🤖 AI Summary
This paper addresses architectural complexity and object-relational impedance mismatch arising from embedding relational semantics within host programming languages. To resolve these issues, we propose Rel—a native relational programming language that departs from the embedded paradigm and enables “programming at scale” by unifying end-to-end application semantics within a single relational logical framework. Methodologically, Rel integrates five decades of database theory, formalizing its semantics atop an extended relational algebra augmented with logic programming constructs. It supports higher-order relations, modular definitions, recursion, and incremental computation, while ensuring type safety and composability. Experimental evaluation demonstrates that Rel uniformly expresses enterprise-grade full-stack semantics: in real-world deployments, it reduces architectural components by over 40% and effectively eliminates coupling between data and business layers—achieving near-zero coupling.
📝 Abstract
From the moment of their inception, languages for relational data have been described as sublanguages embedded in a host programming language.

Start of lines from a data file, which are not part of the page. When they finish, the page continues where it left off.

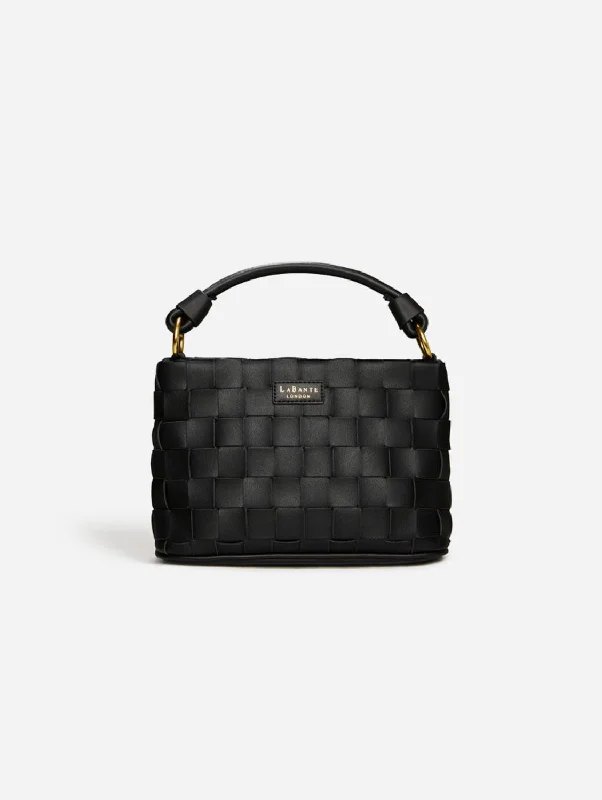 Baby Bella Woven Vegan Leather Crossbody Bag | Black Trendy Purses, Limited Offer
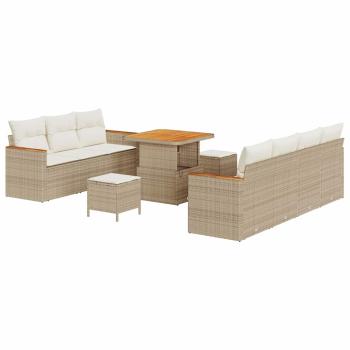 10-teiliges Garten Sofa Set mit Kissen Beige Poly Rattan Akazie, 3-teiliges Garten Esstisch Set mit Kissen Beige Poly Rattan Akazie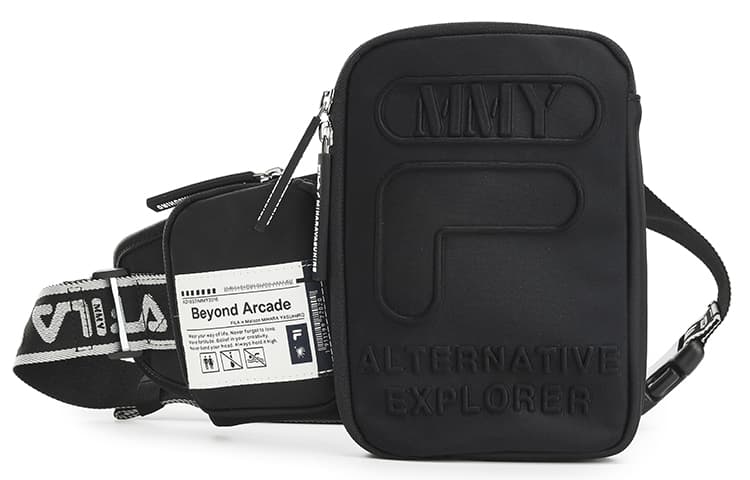 FILA Fabric Handbag, Shoulder Bag, Crossbody Bag, Sling Bag Small Men's Jet Black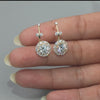 3.14 CT Round Halo Drop Earrings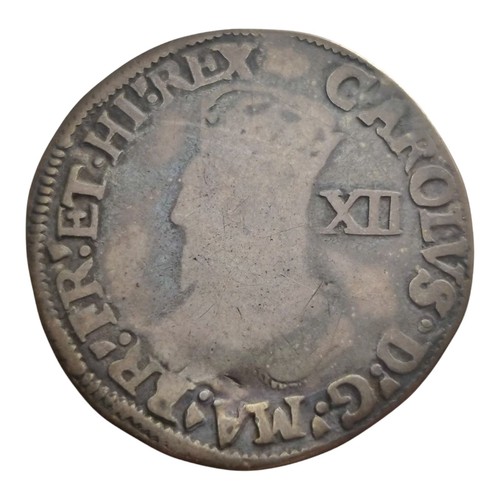 1636-38 England Great Britain Hammered Silver Shilling Charles I S2796 mm Tun 6Q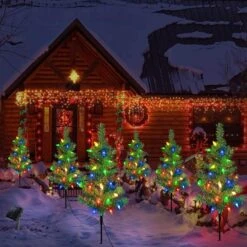 Homeleo 4 Set Solar Christmas Tree W/ 80pcs Multicolor C6 LED Christmas Lights For Outdoor Christmas Decorations,Solar Powered Prelit Small Christmas Tree For Holiday Outside Pathway Garden Yard Decor 16 Homeleo 4 Set Solar Christmas Tree W/ 80pcs Multicolor C6 LED Christmas Lights For Outdoor Christmas Decorations,Solar Powered Prelit Small Christmas Tree For Holiday Outside Pathway Garden Yard Decor -Xmas Lighting Shop 8177fGpg5DL. AC SL1500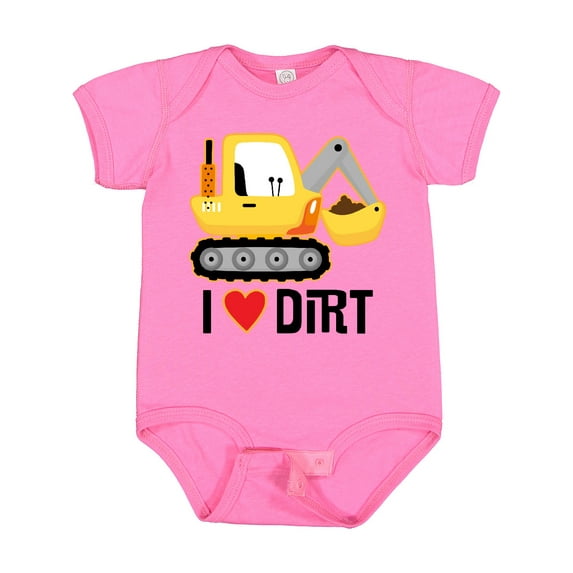 Inktastic Construction Truck I Love Dirt Boys or Girls Baby Bodysuit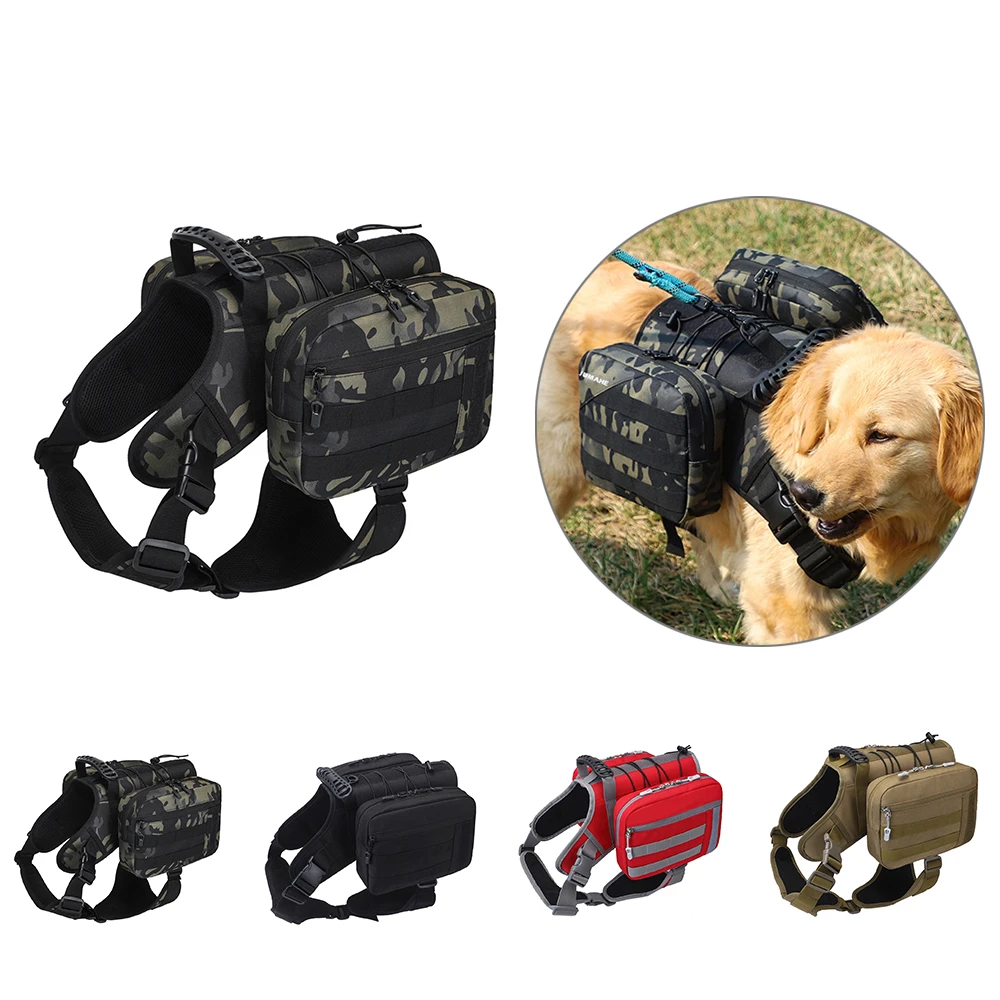 Adjustable Pet Harness Backpack Snack Big Dog Saddle Bag for Medium Large Dog Hiking Travel Outdoor Camouflage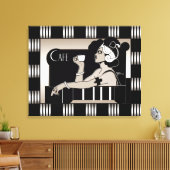 Canvas  Cafe Art Deco Streep Zwart Zilver Afdruk (Insitu (Woonkamer))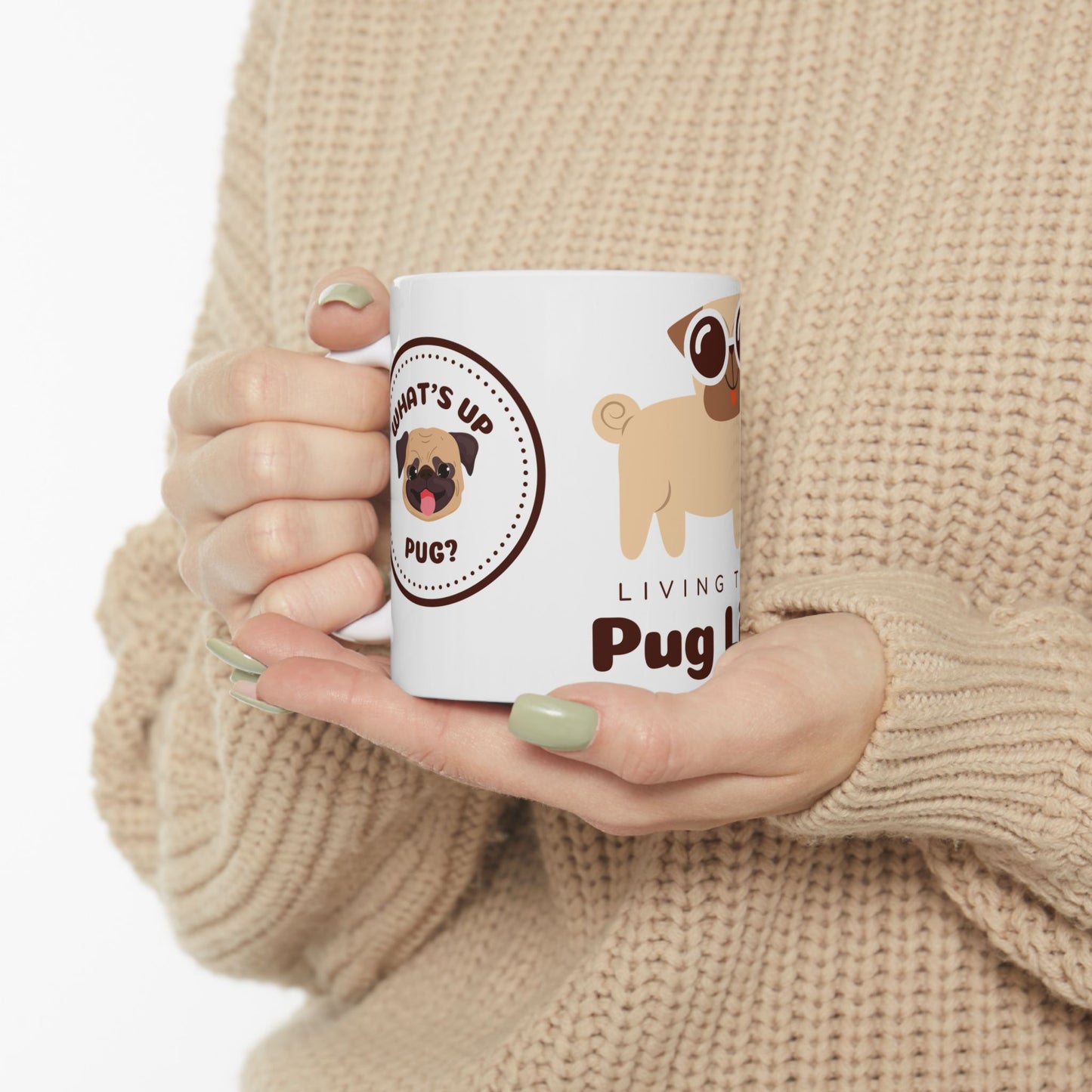 Living the Pug Life - Ceramic Mug, (11oz, 15oz) | 11oz,15 oz,15oz,Bestsellers,Coffee Mugs,Home & Living,Kitchen,Mugs,Sublimation,US Elections Season,Valentine's Day,White base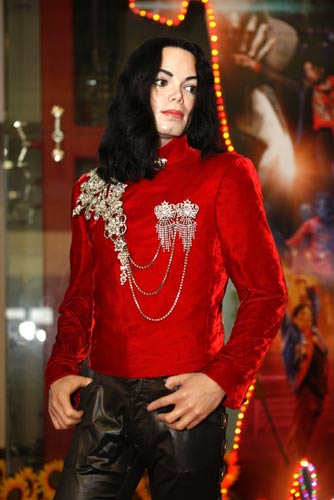 Wax figure of Michael Jackson dispalyed in Expo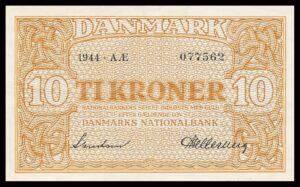 Danmark 10 Kroners 1944 Kvalitet 1+ AÆ 077562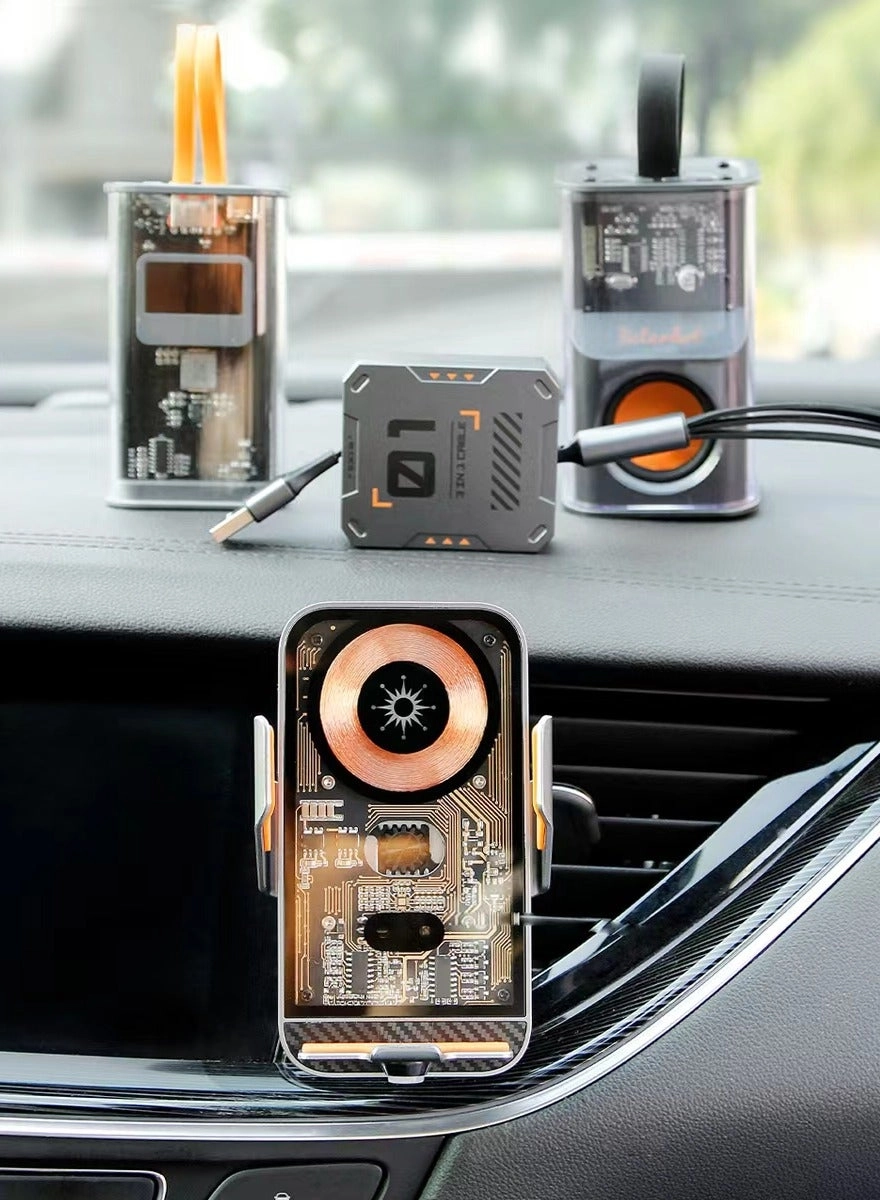 Power bank - 10000 mAh + Portable Bluetooth Speaker - 5 W + car Wireless charger - 15W + 3in1 usb Cable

Rel is a new relational language whose key design goal is to go beyond this paradigm with features that allow for programming in the large, making it possible to fully describe end to end application semantics. With the new approach we can model the semantics of entire enterprise applications relationally, which helps significantly reduce architecture complexity and avoid the well-known impedance mismatch problem. This paradigm shift is enabled by 50 years of database research, making it possible to revisit the sublanguage/host language paradigm, starting from the fundamental principles. We present the main features of Rel: those that give it the power to express traditional query language operations and those that are designed to grow the language and allow programming in the large.